The park is not accessible from East 41st Street due to the presence of a 30 ft retaining wall adjacent to Tudor City and the tunnel portal on First Avenue. The south end of the park connects to a pedestrian arcade that runs from East 40th to 41st streets in a sidewalk easement below Windsor Tower in Tudor City; the pedestrian walkway under the building was also built as part of the street improvements to accommodate the United Nations headquarters. The retaining wall along the western edge of the park includes a bronze tablet listing the individuals and firms associated with construction of the First Avenue Underpass from 1950 to 1952.

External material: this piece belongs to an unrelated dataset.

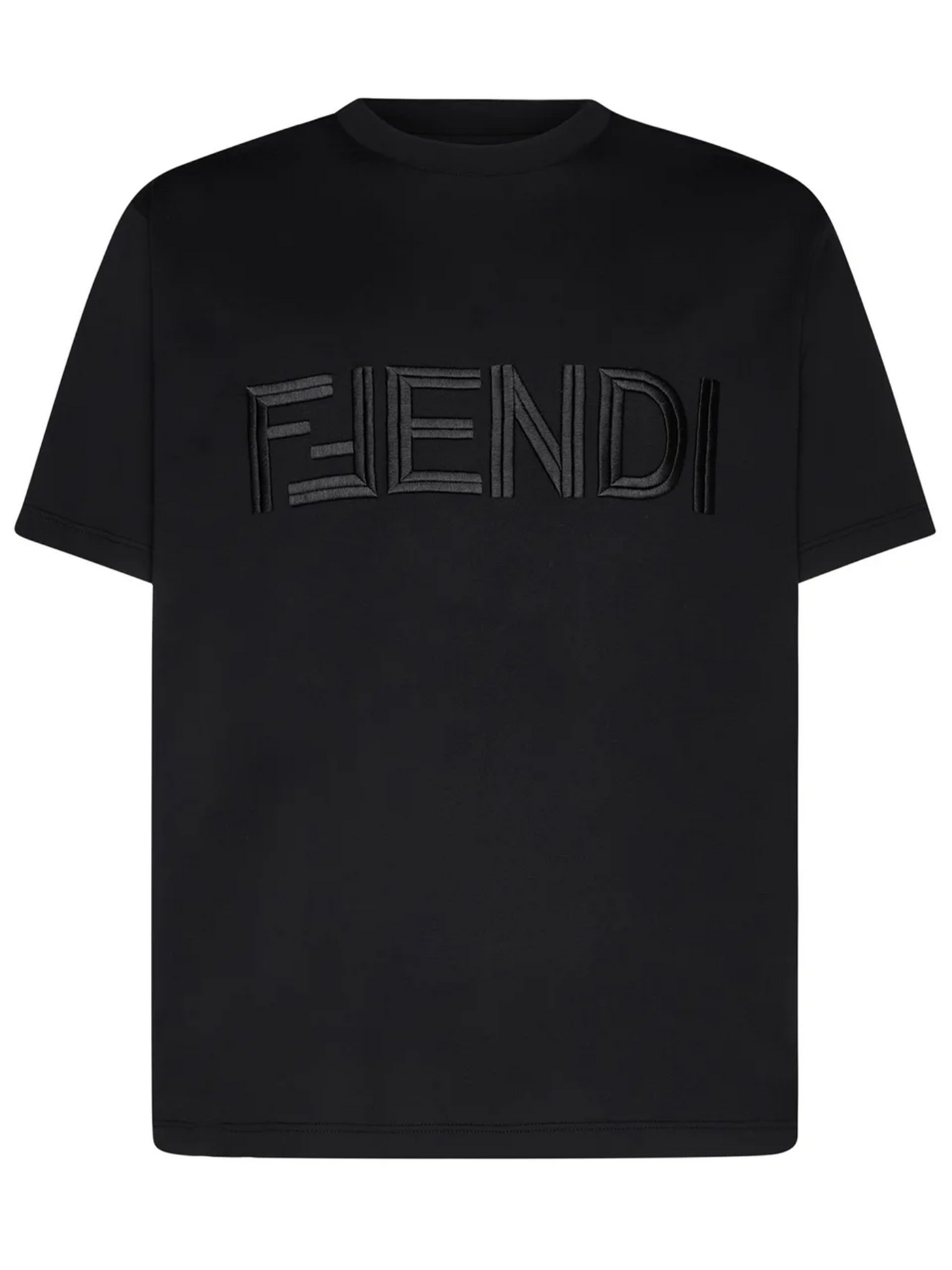 Fendi – T-Shirt mit besticktem FF Fendi-Logo in Schwarz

In 1998, the park was named after Trygve Lie, who had served as the first Secretary-General of the United Nations and was a supporter of locating the United Nations headquarters in New York City.

==Renovations==
Renovations were made to the park in 2016, which included the installation of new trees, landscaping, benches, light poles, fencing, and concrete and bluestone pavement and repairs to retaining walls. A ribbon cutting ceremony to rededicate the plaza was held on September 18, 2016, with Norway's Prime Minister Erna Solberg and Minister of Foreign Affairs Børge Brende as well as William and Arthur Zeckendorf, the grandsons of Trygve Lie.

The renovated park also included the addition of a 17 ft kinetic art sculpture on the retaining wall, The Peace Clock by Norwegian artist Lina Viste Grønli. The brass sculpture functions as a clock with a moving hour hand and displays the peace sign at 4:30 a.m. and 4:30 p.m. each day to the United Nations. The sculpture was funded by a group of donors and commissioned through New York City Department of Cultural Affairs' Percent for Art program with the objective of using a concept based on either art or design, or both, to tell the story of Trygve Lie. The public art project was completed in partnership with the New York City Department of Parks and Recreation and the Royal Norwegian Consulate General in New York.